> [Task brief]
In the entries that follow, find the line containing "Satılır 2 otaqlı mənzil 66 m²"; from there, copy every line exactly through the line containing "分電盤へ電力測定器を取り付け使用電力を見える化".

Study material Block Start

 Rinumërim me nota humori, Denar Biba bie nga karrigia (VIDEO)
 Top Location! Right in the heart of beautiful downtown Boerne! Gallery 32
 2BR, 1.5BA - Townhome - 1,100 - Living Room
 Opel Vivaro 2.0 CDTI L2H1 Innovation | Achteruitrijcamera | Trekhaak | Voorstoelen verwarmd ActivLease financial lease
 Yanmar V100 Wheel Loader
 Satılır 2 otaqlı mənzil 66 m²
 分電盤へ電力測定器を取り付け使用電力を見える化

Study material Block End
Study material Block Start

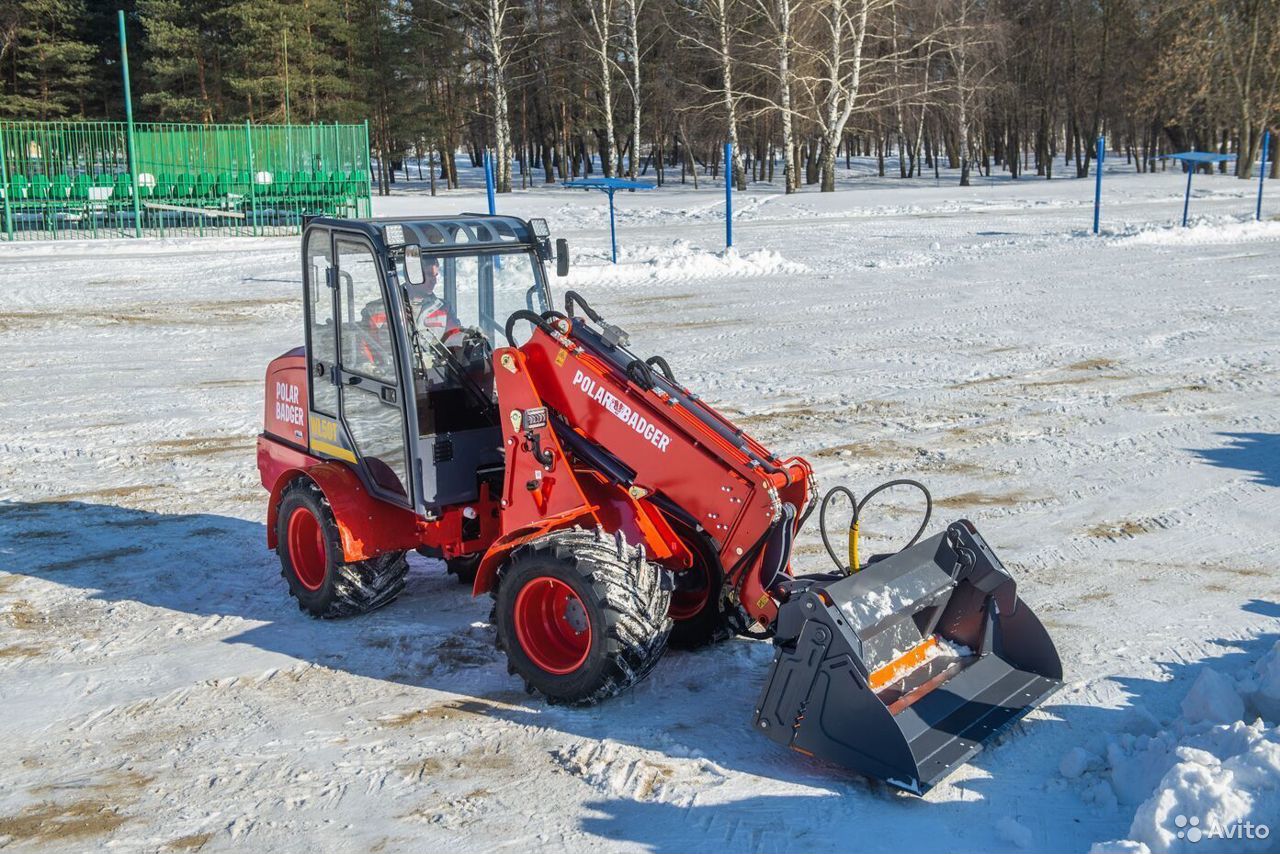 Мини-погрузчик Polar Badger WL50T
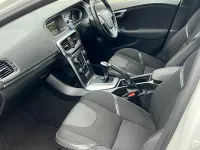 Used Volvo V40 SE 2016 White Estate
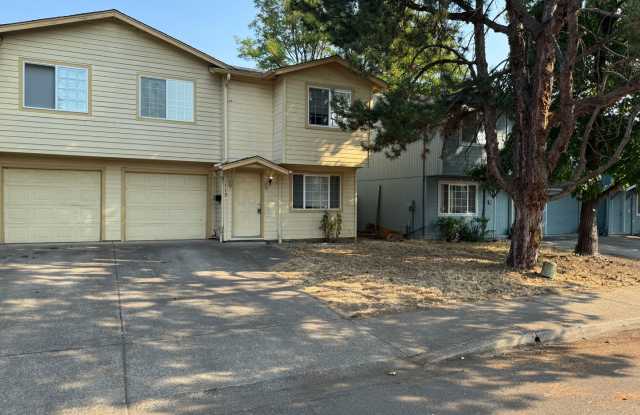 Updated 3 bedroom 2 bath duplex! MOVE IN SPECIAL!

Study material Block End

> [Expected output]
 Satılır 2 otaqlı mənzil 66 m²
 分電盤へ電力測定器を取り付け使用電力を見える化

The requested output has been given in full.